René Fallet est né en 1927 à Villeneuve-Saint-Georges. Il a 13 ans en 1940 et donc 17 ans en 1944, époque à laquelle se déroule ce récit autobiographique à peine romancé (il a changé les noms des protagonistes). Il fait partie de cette génération dont on a volé la jeunesse. La guerre, le rationnement, l’Occupation : tout leur est tombé sur le coin de la tronche sans qu’ils ne demandent rien.

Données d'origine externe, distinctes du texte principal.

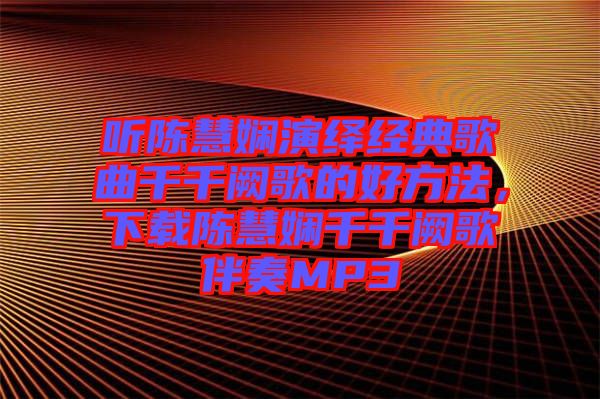 聽陳慧嫻演繹經(jīng)典歌曲千千闕歌的好方法，下載陳慧嫻千千闕歌伴奏MP3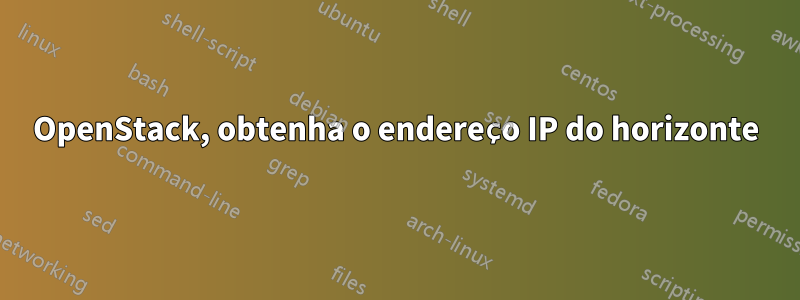 OpenStack, obtenha o endereço IP do horizonte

Fallet raconte cette adolescence en bande qui tente d’exister, à Villeneuve-Saint-Georges, leur centre du monde, dont Paris est simplement « la banlieue ». Les copains, leur fraternité, leurs bagarres, leur unité face à ce monde qui les a engendrés et qu’ils rejettent, les petits boulots, les petites arnaques, le marché noir, les flirts, les amourettes et la grande passion que va vivre le personnage de Bernard dans lequel chacun reconnaîtra l’auteur.

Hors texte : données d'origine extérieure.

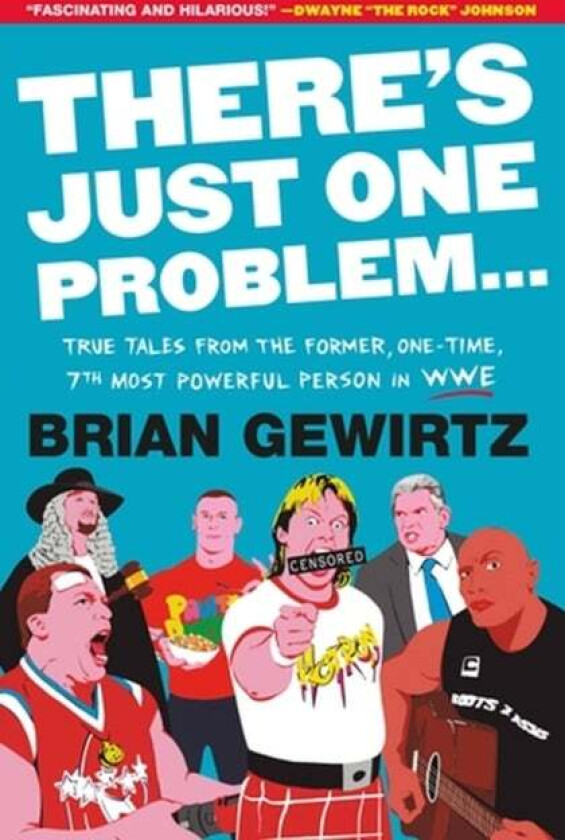 There&#039;s Just One Problem... av Brian Gewirtz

Ces jeunes se foutent du conflit, des Boches, des Américains, des Russes. Ils veulent leur paquet de clopes, leur phono et leur musique de jazz, peloter les filles lors de la séance de ciné du dimanche devant Gary Cooper. Ils reprochent à la génération précédente de les avoir balancés dans ce bourbier qui a fait d’eux des rebelles, des malpolis, des pressés de vivre. Mais la réalité se charge de les rattraper. Villeneuve-Saint-Georges est aussi une gare de triage stratégique que les alliés ne tardent pas à bombarder allègrement.
Au milieu de ce chaos, leurs amourettes adolescentes continuent de rouler tant bien que mal. Le machisme des garçons cache leur côté fleur bleue. Les filles se donnent, mais jamais complètement. Vus de l’extérieur ils passent pour de beaux enfoirés et elles pour de belles salopes. Mais ils sont simplement jeunes et dans l’urgence de bouffer l’existence. Et lorsque ça déraille, il faut faire face.

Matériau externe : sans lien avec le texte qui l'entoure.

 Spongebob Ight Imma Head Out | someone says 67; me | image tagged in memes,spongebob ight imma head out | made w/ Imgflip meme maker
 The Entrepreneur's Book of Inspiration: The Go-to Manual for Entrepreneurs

Ce livre magnifique, dur et poétique à la fois, précieux et argotique, invente un nouveau langage au sortir de la guerre. C’est Célinien et Rimbaldien à la fois, plein de verve et d’émotion. Fallet a 19 ans quand il met un point final à ce texte, son premier roman. Incroyable, c’est un coup de génie. Il porte un regard sans concession sur lui-même, sur les 94 % de Français qui n’ont eu aucune réaction pendant l’occupation et qui se sont seulement préoccupés de continuer à vivre, « le reste on s’en fout ». Je suis encore sous le coup de l’émotion alors je ne vais pas en dire plus pour l’instant sinon qu’il faudrait ressortir ce chef-d’œuvre de l’oubli et admettre que « La soupe aux choux » n’est pas le meilleur livre de René Fallet, même s’il nous a bien fait marrer. Il a caché le vrai talent de cet auteur.